Eskişehir'de CHP'nin vekil sayısının ikiden üçe çıktığını hatırlatan Bülent Tezcan, şunları söyledi:

"Türkiye'nin dört bir yanını dolaşıyoruz. Önce Eskişehir'e Eskişehirli seçmenlerimize Eskişehir'de vatandaşlarımıza bir teşekkür borcumuz var. 13. Cumhurbaşkanımız olacak inşallah Genel Başkanımız Sayın Kemal Kılıçdaroğlu'nun selamı ve teşekkür borcu var. Hangi partiye oy verirse versin 14 Mayıs'ta sandığa gidip demokrasiye sahip çıkma adına iradelerini kararlarını veren, oylarını kullanan seçmenlerimize teşekkür ediyoruz. İkincisi Eskişehir'de biz Türkiye'deki sonucun dışında bir sonuç aldık ve yüzde 51'i Eskişehir'de yakaladık.

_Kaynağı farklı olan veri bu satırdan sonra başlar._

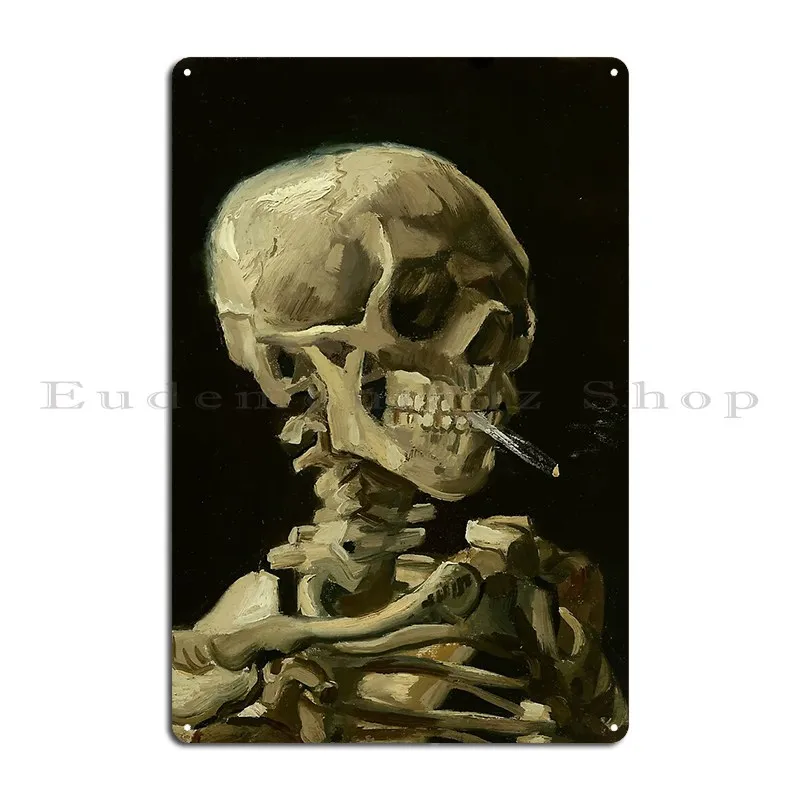 Head Of A Skeleton With A Burning Cigarette Vincent Van Gogh Starrylite Metal Sign Cinema Bar Club Print Tin Sign Poster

O yüzden sayın Kemal Kılıçdaroğlu'na yüzde 50'nin üzerinde oy vererek en azından Eskişehir'de birinci tur problemini çözmüş olan ikinci tura giderken de bu şekilde gitme kararlılığı gösteren bu desteğini artırarak sürdüreceğinden şüphe duymadığımız Eskişehirli seçmenlerimize teşekkür ediyoruz.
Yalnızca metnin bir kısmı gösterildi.